ABOU-HASSAN l'interrompant. - Un moment ; j'ai moi aussi une affaire qui presse. Allez-vous-en s'il vous plaît, sur l'heure, dans le quartier où je viens d'envoyer le grand vizir rendez-vous à la Mosquée, vous y trouverez l'Iman, un vieillard à figure hypocrite ; vous vous en emparerez ainsi que de quatre barbons : ses voisins et ses conseillers. Considérant leur âge, je leur fais grâce de la bastonnade mais qu'ils soient couverts de haillons. Après cela, vous les ferez monter tous cinq chacun sur un chameau, la face tournée vers la queue de l'animal. En cet équipage, ils seront promenés par tous les quartiers de la ville, précédés d'un crieur qui répétera à haute voix : « Voilà le châtiment de ceux qui se mêlent des affaires qui ne les regardent pas, et qui se font une occupation de jeter le trouble dans les familles de leurs voisins, de les calomnier et de leur causer tout le mal dont ils sont capables. » Vous leur enjoindrez encore de changer de quartier avec défense de jamais remettre le pied dans celui d'où ils sont chassés.
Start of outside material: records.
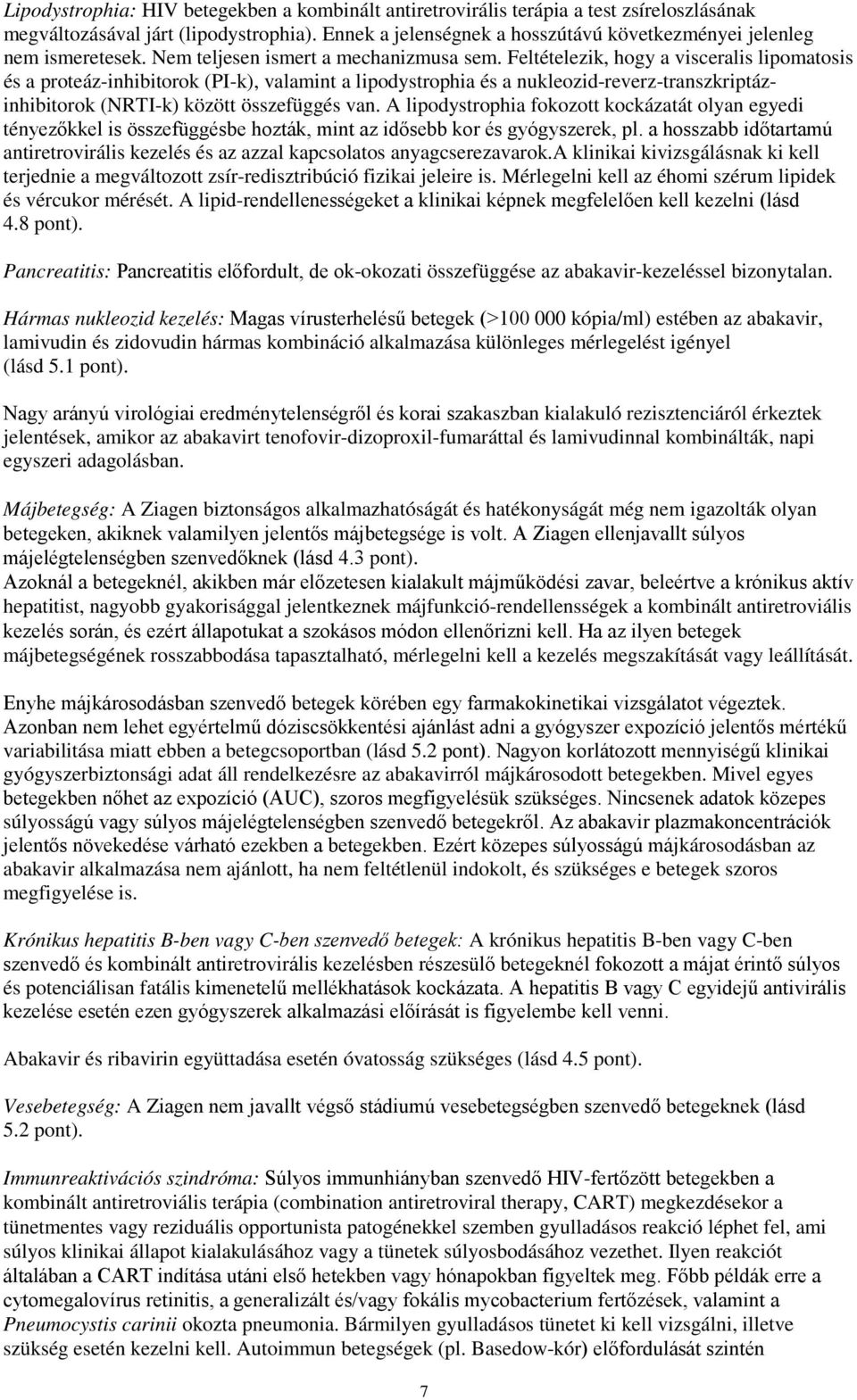 Feltételezik, hogy a visceralis lipomatosis és a proteáz-inhibitorok (PI-k), valamint a lipodystrophia és a nukleozid-reverz-transzkriptázinhibitorok (NRTI-k) között összefüggés van.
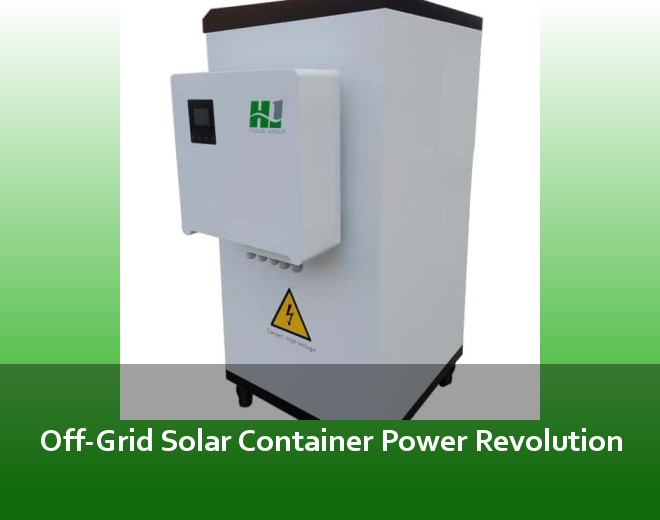 Off-Grid Solar Container Power Revolution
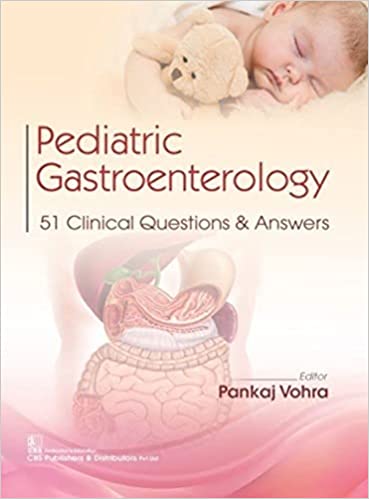 Pediatric Gastroenterology 51 Clinical Questions & Answers 2022 By Pankaj Vohra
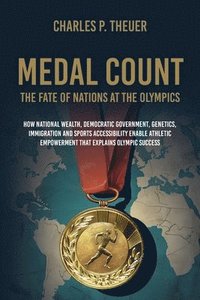 bokomslag Medal Count--the Fate of Nations at the Olympics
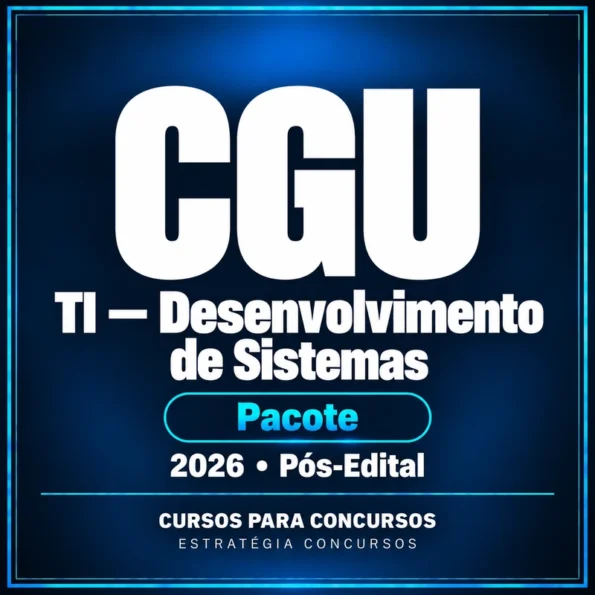 Pacote para CGU (Auditor Federal de Finanças e Controle - TI - Desenvolvimento de Sistemas) - 2026 (Pós-Edital)
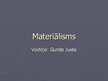Presentations 'Materiālisms', 1.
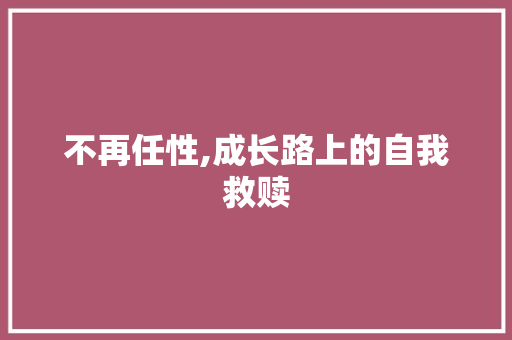 不再任性,成长路上的自我救赎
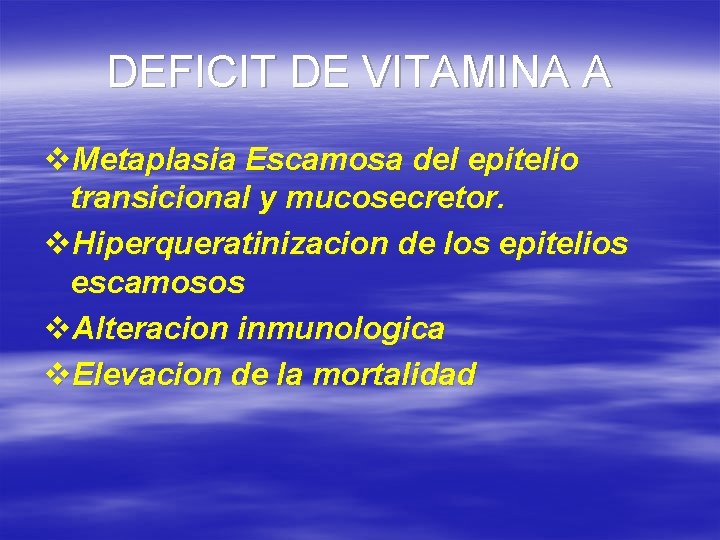 DEFICIT DE VITAMINA A v. Metaplasia Escamosa del epitelio transicional y mucosecretor. v. Hiperqueratinizacion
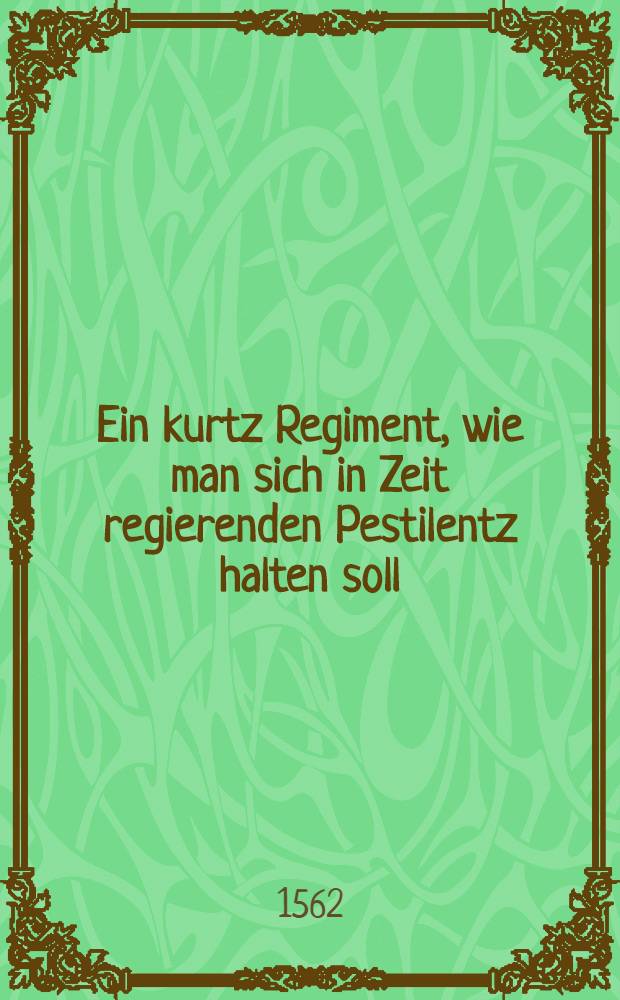 Ein kurtz Regiment, wie man sich in Zeit regierenden Pestilentz halten soll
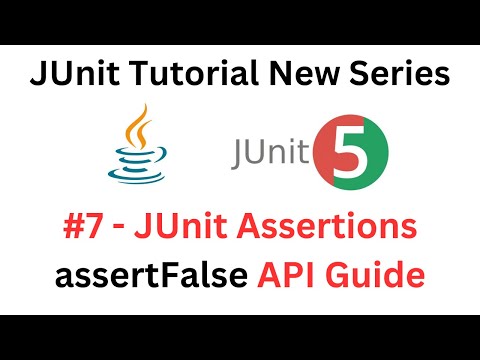 JUnit Tutorial - #7 - JUnit Assertions assertFalse Method - A Complete API Guide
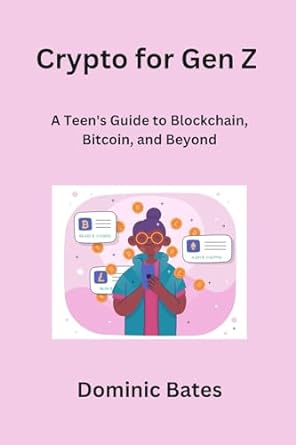 crypto for gen z a teen s guide to blockchain bitcoin and beyond 1st edition dominic bates 979-8868990236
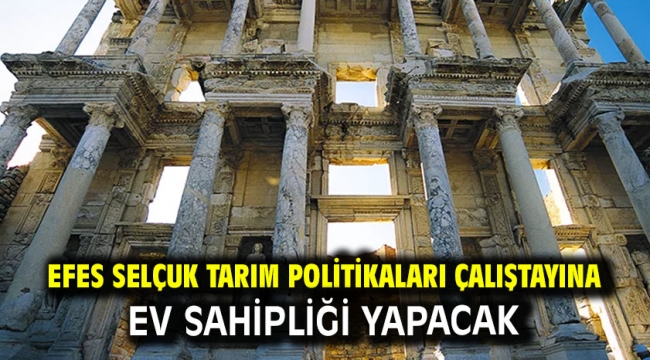 Efes Selçuk Tarım Politikaları Çalıştayına Ev Sahipliği Yapacak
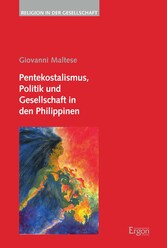 Pentekostalismus, Politik und Gesellschaft in den Philippinen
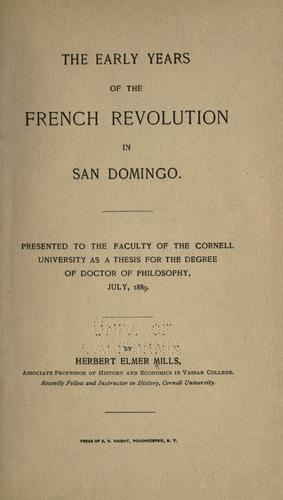 The early years of the French revolution in San Domingo...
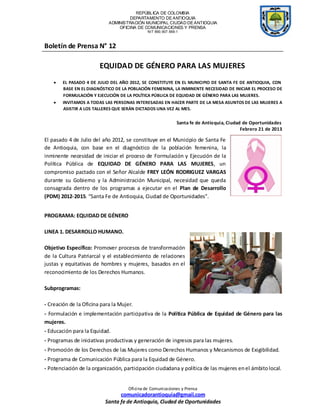 REPÚBLICA DE COLOMBIA
                                    DEPARTAMENTO DE ANTIOQUIA
                            ADMINISTRACIÓN MUNICIPAL CIUDAD DE ANTIOQUIA
                                OFICINA DE COMUNICACIONES Y PRENSA
                                               NIT 890.907.569-1



Boletín de Prensa N° 12

                        EQUIDAD DE GÉNERO PARA LAS MUJERES
        EL PASADO 4 DE JULIO DEL AÑO 2012, SE CONSTITUYE EN EL MUNICIPIO DE SANTA FE DE ANTIOQUIA, CON
        BASE EN EL DIAGNÓSTICO DE LA POBLACIÓN FEMENINA, LA INMINENTE NECESIDAD DE INICIAR EL PROCESO DE
        FORMULACIÓN Y EJECUCIÓN DE LA POLÍTICA PÚBLICA DE EQUIDAD DE GÉNERO PARA LAS MUJERES.
        INVITAMOS A TODAS LAS PERSONAS INTERESADAS EN HACER PARTE DE LA MESA ASUNTOS DE LAS MUJERES A
        ASISTIR A LOS TALLERES QUE SERÁN DICTADOS UNA VEZ AL MES.


                                                               Santa fe de Antioquia, Ciudad de Oportunidades
                                                                                            Febrero 21 de 2013

El pasado 4 de Julio del año 2012, se constituye en el Municipio de Santa Fe
de Antioquia, con base en el diagnóstico de la población femenina, la
inminente necesidad de iniciar el proceso de Formulación y Ejecución de la
Política Pública de EQUIDAD DE GÉNERO PARA LAS MUJERES, un
compromiso pactado con el Señor Alcalde FREY LEÓN RODRIGUEZ VARGAS
durante su Gobierno y la Administración Municipal, necesidad que queda
consagrada dentro de los programas a ejecutar en el Plan de Desarrollo
(PDM) 2012-2015. “Santa Fe de Antioquia, Ciudad de Oportunidades”.


PROGRAMA: EQUIDAD DE GÉNERO

LINEA 1. DESARROLLO HUMANO.

Objetivo Específico: Promover procesos de transformación
de la Cultura Patriarcal y el establecimiento de relaciones
justas y equitativas de hombres y mujeres, basados en el
reconocimiento de los Derechos Humanos.

Subprogramas:

- Creación de la Oficina para la Mujer.
- Formulación e implementación participativa de la Política Pública de Equidad de Género para las
mujeres.
- Educación para la Equidad.
- Programas de iniciativas productivas y generación de ingresos para las mujeres.
- Promoción de los Derechos de las Mujeres como Derechos Humanos y Mecanismos de Exigibilidad.
- Programa de Comunicación Pública para la Equidad de Género.
- Potenciación de la organización, participación ciudadana y política de las mujeres en el ámbito local.


                                     Ofi ci na de Comuni ca ciones y Prensa
                                comunicadorantioquia@gmail.com
                          Santa fe de Antioquia, Ciudad de Oportunidades
 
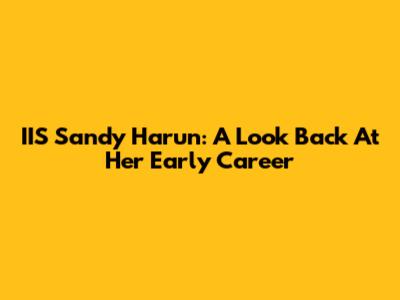 IIS Sandy Harun: A Look Back At Her Early Career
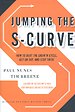 Jumping the S Curve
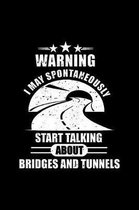 Warning I May Spontaneously Start Talking About Bridges And Tunnels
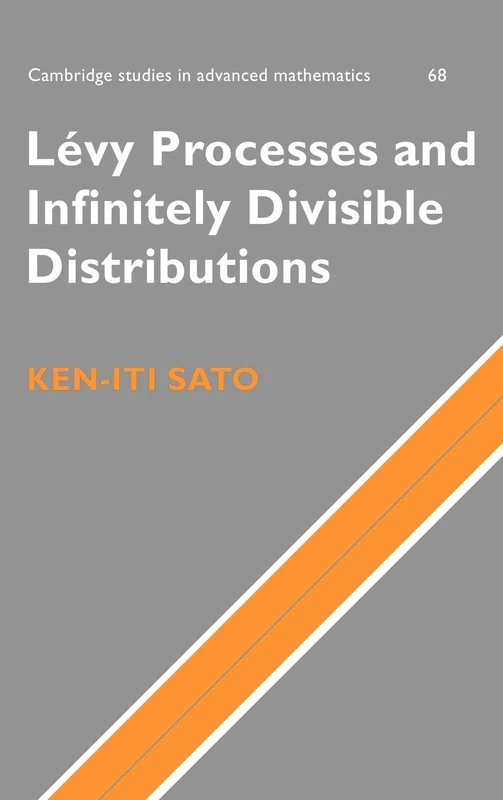 Lévy Processes and Infinitely Divisible Distributions: 68 (Cambridge Studies in Advanced Mathematics, Series Number 68)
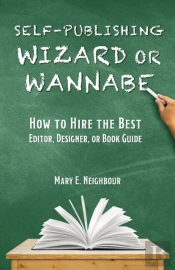 Self-Publishing Wizard Or Wannabe: How T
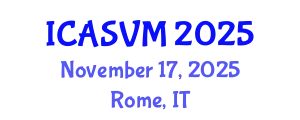 International Conference on Animal Science and Veterinary Medicine (ICASVM) November 17, 2025 - Rome, Italy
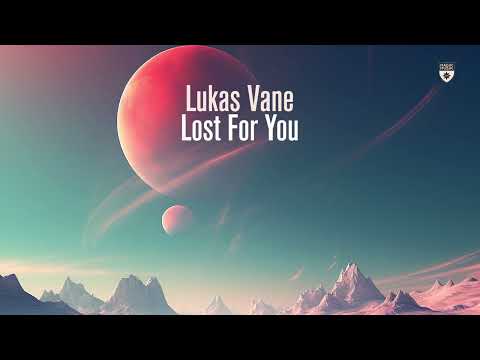 Lukas Vane – Lost For You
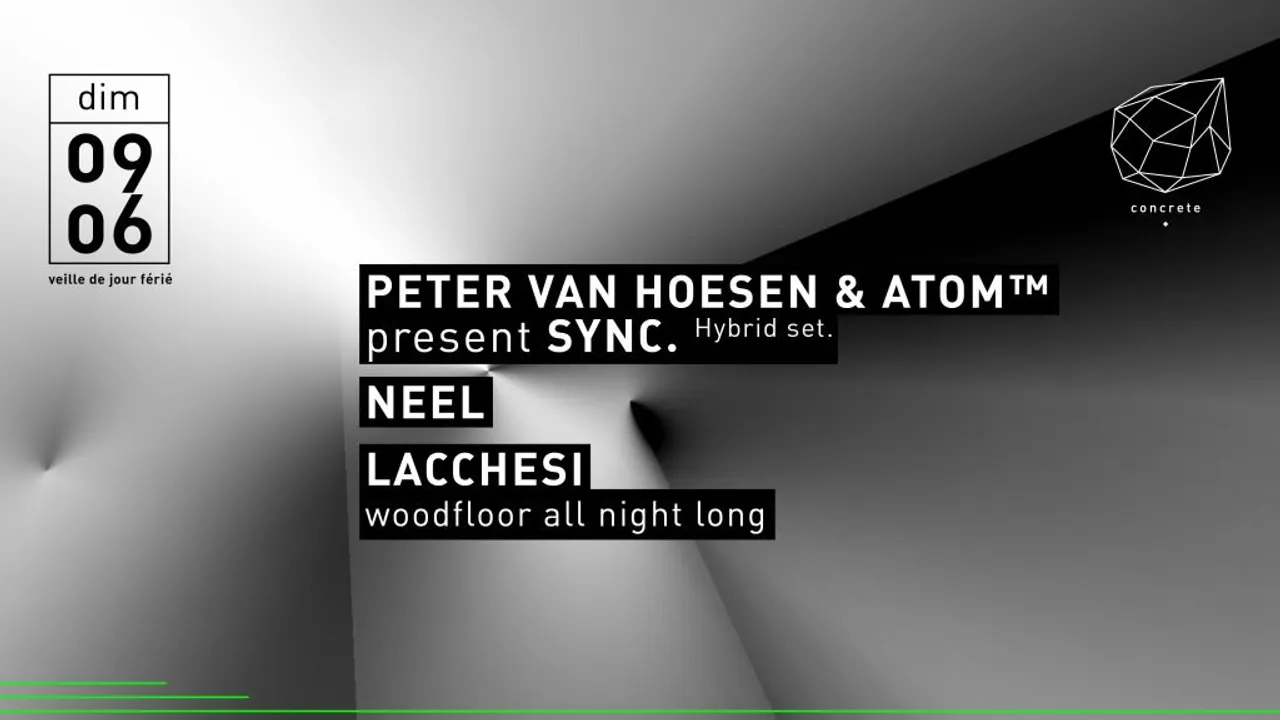 Concrete: Atom™ & Peter Van Hoesen present Sync., Neel, Lacchesi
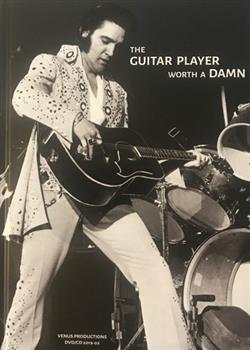 Download Elvis Presley - The Guitar Player Worth A Damn The King In Motion Vol4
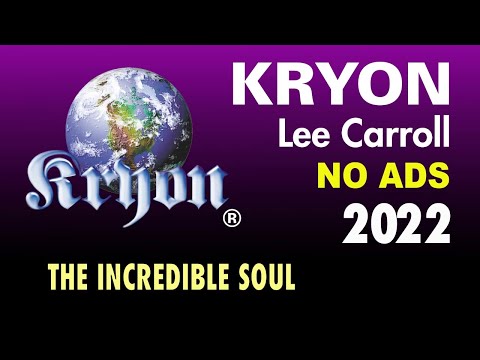 KRYON - The Incredible Soul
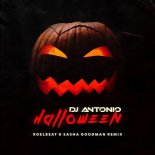 Dj Antonio - Halloween (RoelBeat & Sasha Goodman Remix)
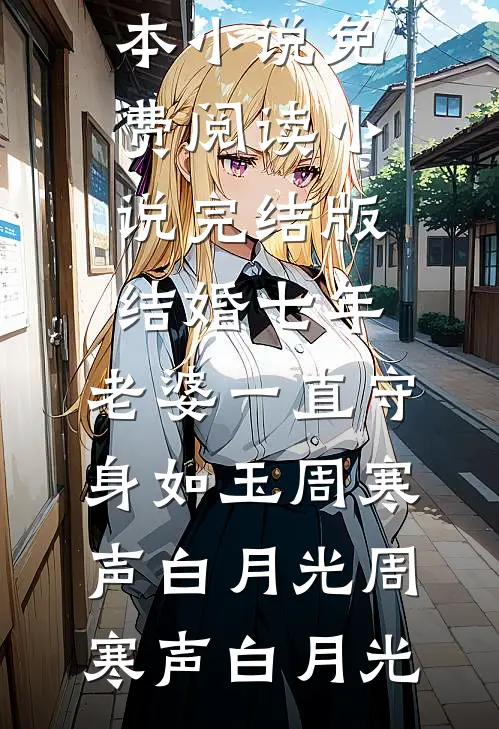 结婚七年,老婆一直守身如玉周寒声白月光
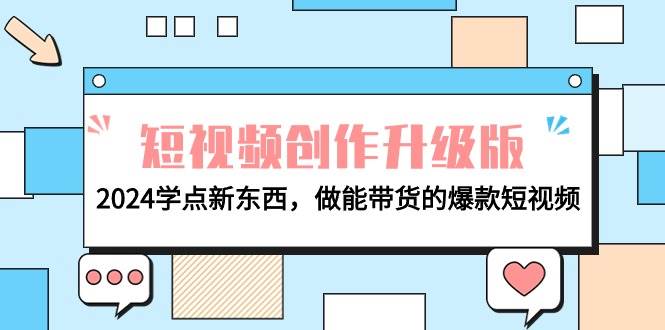 电商人必看-短视频创作升级版：2024学点新东西，做能带货的爆款短视频-58轻创项目库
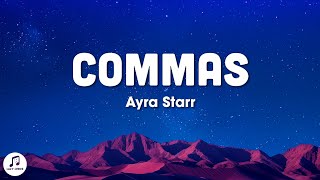 Ayra Starr  Commas Lyrics [upl. by Aubigny]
Pendant que votre lieutenant leur fera faire cette promenade vous reviendrez m'informer des autres affaires.

MESROUR, s'inclinant devant le trône. - Commandeur des croyants que Dieu comble votre majesté de faveurs en cette vie, la reçoive dans son paradis dans l'autre, et précipite ses ennemis dans les flammes éternelles.

ABOU-HASSAN. - Je ne te comprends pas. Cela veut-il dire que le conseil est fini ?

MESROUR. - Le déjeuner de votre majesté est disposé dans les salles voisines.

ABOU-HASSAN. - Quoi mon repas est servi dans plusieurs salles ?

MESROUR. - Assurément, comme à l'ordinaire ; dans la première sont disposées les viandes, dans la seconde, les fruits, et dans la troisième, les confitures ; votre majesté a plus d'or et de pierreries dans ses différents services de table, que n'en réunirent jamais ses ancêtres.

ABOU-HASSAN. - Allons donc voir tout cela. (À part). Si je rêve, je voudrais bien au moins prendre le temps de déjeuner, et d'admirer tout mon palais avant de m'éveiller.